Se as vezes lhes falta palavras para comunicar-se com seu santo, mas não lhes falta o vigor e o esforço sacrificial para cumprir a penitência e pagar a promessa feita! Há uma música que trata dessa temática da expressão religiosa e cultural do sertanejo, farei citação de um trecho da mesma. A música é “Romaria”, que foi composta por Renato Teixeira de Oliveira, tem várias versões cantadas por cantores diversos
“Me disseram, porém,
Que eu viesse aqui
Pra pedir de romaria e prece
Paz nos desaventos
Como eu não sei rezar
Só queria mostrar
Meu olhar, meu olhar, meu olhar”.
 Perceba que a expressão: “Me disseram, porém...”, aponta exatamente para a importância da tradição oral, que culturalmente predomina no contexto do interior do Sertão. Não está dizendo que eu li, mas me disseram, alguém me falou que eu deveria buscar apoio no sagrado, no divino, no “sacrifício” em participar de uma romaria. O que é uma romaria? Uma peregrinação religiosa a um lugar tido como sagrado, no intuito de pedir com preces e sacrifícios humanos “bênçãos” ao santo de devoção, para agradecer bênçãos prometidas, para vivenciar a experiência religiosa, com mais intensidade, pois são esses “lugares divinos” onde acontecem milagres e curas e que proporcionam um aumento da fé e credulidade do sertanejo. Havendo casos de muitos destes, fazerem periodicamente peregrinações e romarias por toda a sua vida a lugares distantes, com altos custos e em condições penosas, tudo para cumprir com a “promessa” feita ao santo de sua devoção.

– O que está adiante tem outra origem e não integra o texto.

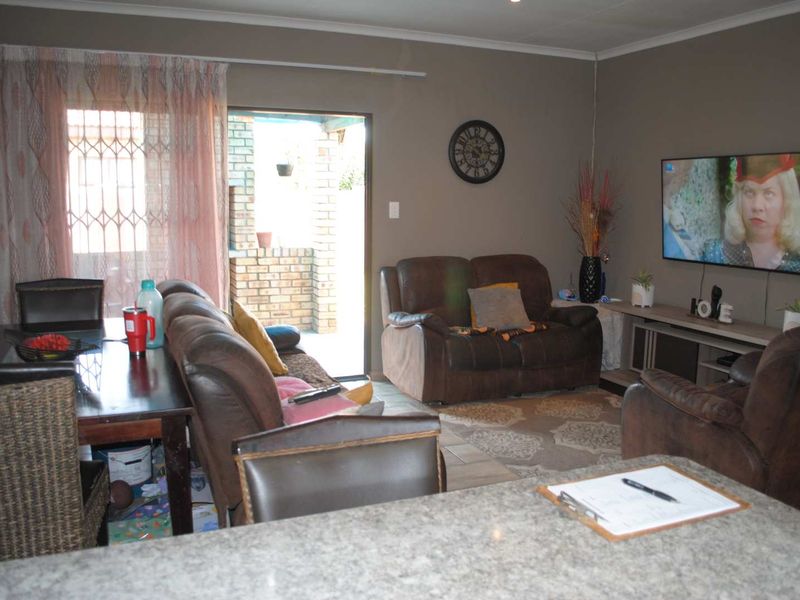 Secure Modern Contemporary Townhouse low levies. - Photo 8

Outro ponto que a música aborda nessa estrofe é que, nem sempre o devoto que está lá na igreja é um praticante do rito, as vezes ele não sabe nem mesmo as rezas que podem ser decoradas, contudo: “ Como não sei rezar, Só queria mostra, Meu olhar, meu olhar, meu olhar”. Entendo, que a participação contemplativa também é uma forma de interagir com a divindade. Através de seu olhar o sertanejo demonstra seu anseio, sua sede da Água da Vida. Certamente o olhar do sertanejo comovido por lágrimas é a mais certa expressão de sua oração, silenciosa e sem palavras, porém cheia de convicção, direcionada ao seu santo de devoção!

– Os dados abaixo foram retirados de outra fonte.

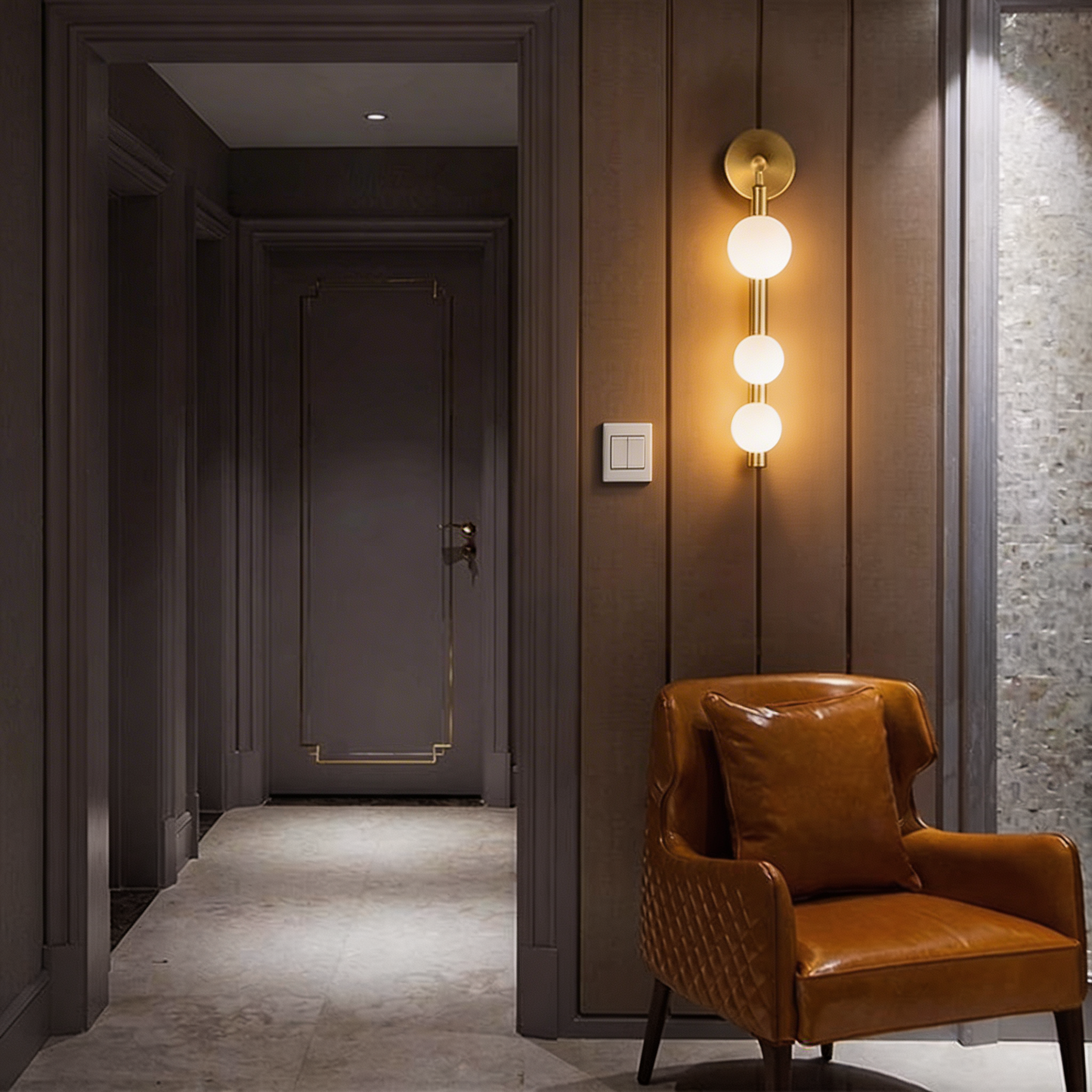 AURO Tryne | Sculptural 3-Globe Glass Wall Lamp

A devoção contemplativa do sertanejo é cercada de símbolos sagrados. Aliás sua própria casa “assume” esse lado artístico-religioso. Cheia de quadros, pinturas, santos. Um quadro que sempre é possível encontrar é uma réplica mal “acabada” da santa ceia. E assim, o sertanejo concebe o sagrado, assim ele adora aos seus “santos”, padroeiras e padroeiros, que em cada cidade é tido como o santo protetor da mesma.

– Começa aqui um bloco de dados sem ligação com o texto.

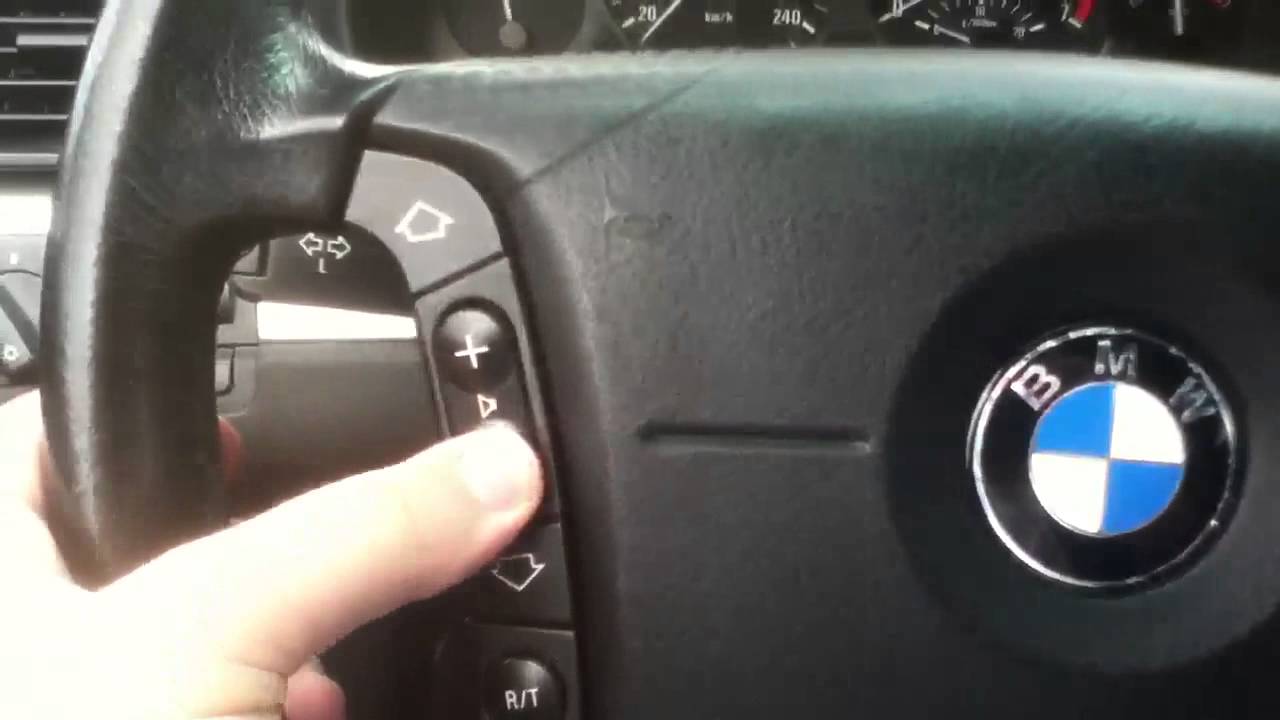 Запуск двигателя BMW 325xi 2004 года и подробный обзор.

Os significantes de igreja são vários, um lugar imponente, com altas torres, com sino (que inclusive convoca os devotos para as atividades), com várias imagens de esculturas religiosas (santos) que são venerados, adorados, cridos, amados! Nesse lugar acontecem os momentos mais relevantes de sua vida: batismo infantil (criança), crisma, primeira comunhão, catecismo, casamento, e por fim velório-missa de sepultamento e ainda outras missas, sétimo dia, mês, aniversário de um ano, após o falecimento.